Однако сегодня мы знаем – но еще не до конца осознали и приняли, – что все это не столь уж смешно и что Аристотель был гораздо более прав, чем сам это осознавал. Прежде всего, круговое движение действительно представляется наиболее распрост­раненным в мире и особо значимым; все вертится вокруг чего-либо и обращается вокруг своей оси – галактики и туманности, звезды, солнца и планеты, атомы и элек­троны... даже фотоны и те, кажется, не составляют исключения.

Что же касается спонтанного движения тел, то благодаря Эйнштейну мы знаем теперь, что локальная кривизна пространства превосходным образом вполне может вызывать движение такого рода; точно так же мы знаем (или думаем, что знаем), что наша Вселенная отнюдь не бесконечна – хотя и не имеет границ, в противовес тому, что думал Аристотель, – и что вне этой Вселенной абсолютно ничего нет, так как нет никакого "вовне", и что все пространство находится "внутри" ("из-внутри").

Но об этом как раз и говорил Аристотель, который, не имея в своем распоряжении средств римановой геометрии, ограничивался утверждением, что вне мира нет ниче­го – ни абсолютной заполненности, ни пустоты – и что все "места", т.е. все про­странство, находятся внутри.

Аристотелевская концепция не является концепцией математической – и в этом ее слабость; в этом также и ее сила: это метафизическая концепция.

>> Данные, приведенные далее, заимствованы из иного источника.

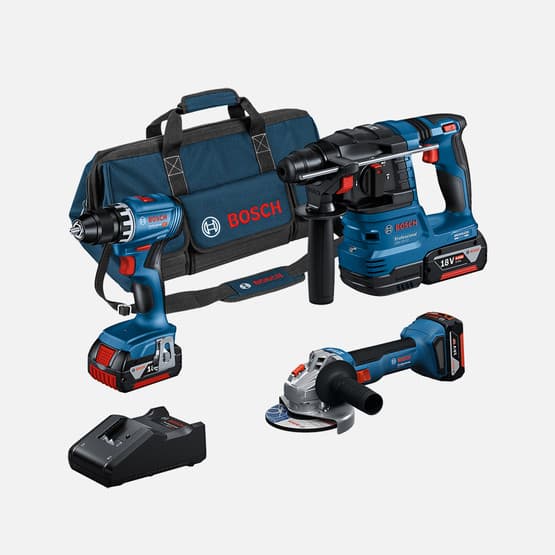 Bosch GSR18V45+GWS18V8+GBH18V22+3x4Ah+GAL18V40 Profesyonel 3'lü Makine Seti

Аристотелевский мир не наделен геометрической кривизной, он, если можно так выразиться, искрив­лен метафизически.

Современные космологи, пытаясь объяснять нам структуру эйнштейновского или постэйнштейновского мира с его искривленным и конечным, хотя и безграничным пространством, обычно говорят, что все это довольно трудные математические поня­тия и что те из нас, кто не имеет необходимого математического образования, не в состоянии как следует их понять. Конечно, это верно. В этой связи, однако, достаточ­но занятным представляется тот факт, что, когда средневековые философы должны были разъяснять профанам – или своим ученикам – космологию Аристотеля, говори­ли нечто подобное, а именно: речь идет об очень трудных метафизических понятиях, и те, кто не обладает соответствующим философским образованием и не умеет от­влечься от геометрических представлений, не смогут их понять и продолжают зада­вать нелепые вопросы типа: "А что находится вне мира? ", или: "А что будет, если проткнуть палкой самую крайнюю оболочку небесного свода? "

Действительная трудность аристотелевской концепции состоит в необходимости "вместить" евклидову геометрию внутрь неевклидовой Вселенной, в метафизически искривленное и физически разнородное пространство. Признаемся, что Аристотель абсолютно не был этим озабочен, ибо геометрия отнюдь не являлась для него фунда­ментальной наукой о реальном мире, которая выражала сущность и глубинное строе­ние последнего; в его глазах геометрия была лишь некоторой абстрактной наукой, неким вспомогательным средством для физики – истинной науки о сущем.

Фундамент истинного знания о реальном мире составляет для него восприятие -а не умозрительные математические построения; опыт – а не априорное геометри­ческое рассуждение.

Намного более сложная ситуация предстала между тем перед Платоном, который предпринял попытку сочетать идею Космоса с попыткой сконструировать телесный мир становления, движения и тел, отправляясь от пустоты, или чистого, геометризованно­го пространства. Выбор между этими двумя концепциями – космического порядка и геометрического пространства – был неизбежен, хотя он и был произведен лишь по­зднее, в XVII в., когда творцы новой науки, приняв за основу геометризацию простран­ства, вынуждены были отбросить концепцию Космоса.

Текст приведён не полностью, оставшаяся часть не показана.